Gesù sta toccando qualcosa di molto più profondo. Il fico pieno di foglie ma senza frutti diventa il simbolo di una vita che vive di apparenza. Certamente, dal punto di vista naturale, un fico fuori stagione potrebbe anche non avere frutti. Ma Gesù vuole provocare i suoi discepoli su un altro piano: non esiste un tempo giusto per convertirsi rimandato sempre a domani. Molto spesso pensiamo che un giorno prenderemo sul serio il Vangelo, un giorno cambieremo vita, un giorno diventeremo migliori. Nel frattempo ci accontentiamo delle foglie, cioè dell’apparenza, delle intenzioni, delle promesse mai realizzate.
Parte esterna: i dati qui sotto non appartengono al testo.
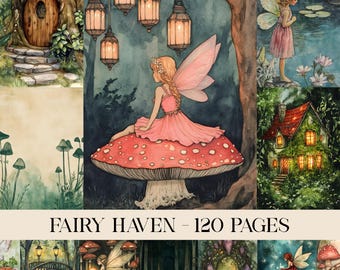 Kit de diario basura Fairy Haven, páginas imprimibles de Bosque Encantado, efímeras de estilo cottagecore, papel de álbum de recortes caprichoso, paquete de diario mágico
Gesù invece ci ricorda che il tempo dei frutti è sempre il presente. La vita vera accade adesso. La santità non è qualcosa da rimandare a quando tutto sarà perfetto. E subito dopo il Vangelo ci mostra Gesù che scaccia i mercanti dal Tempio. Anche questo gesto va capito bene. Non è uno sfogo di rabbia, ma una denuncia molto chiara: l’amore non può essere trasformato in commercio. Con Dio non si compra e non si vende nulla. Non si può vivere la fede come uno scambio di interessi, come una trattativa religiosa.
Dio ama gratuitamente e chiede a noi di imparare la stessa gratuità. Quando la fede diventa calcolo, convenienza o ricerca di vantaggi, smette di essere fede evangelica. Rimane soltanto una religiosità esteriore, in pratica siamo solo dei pagani travestiti da gente religiosa.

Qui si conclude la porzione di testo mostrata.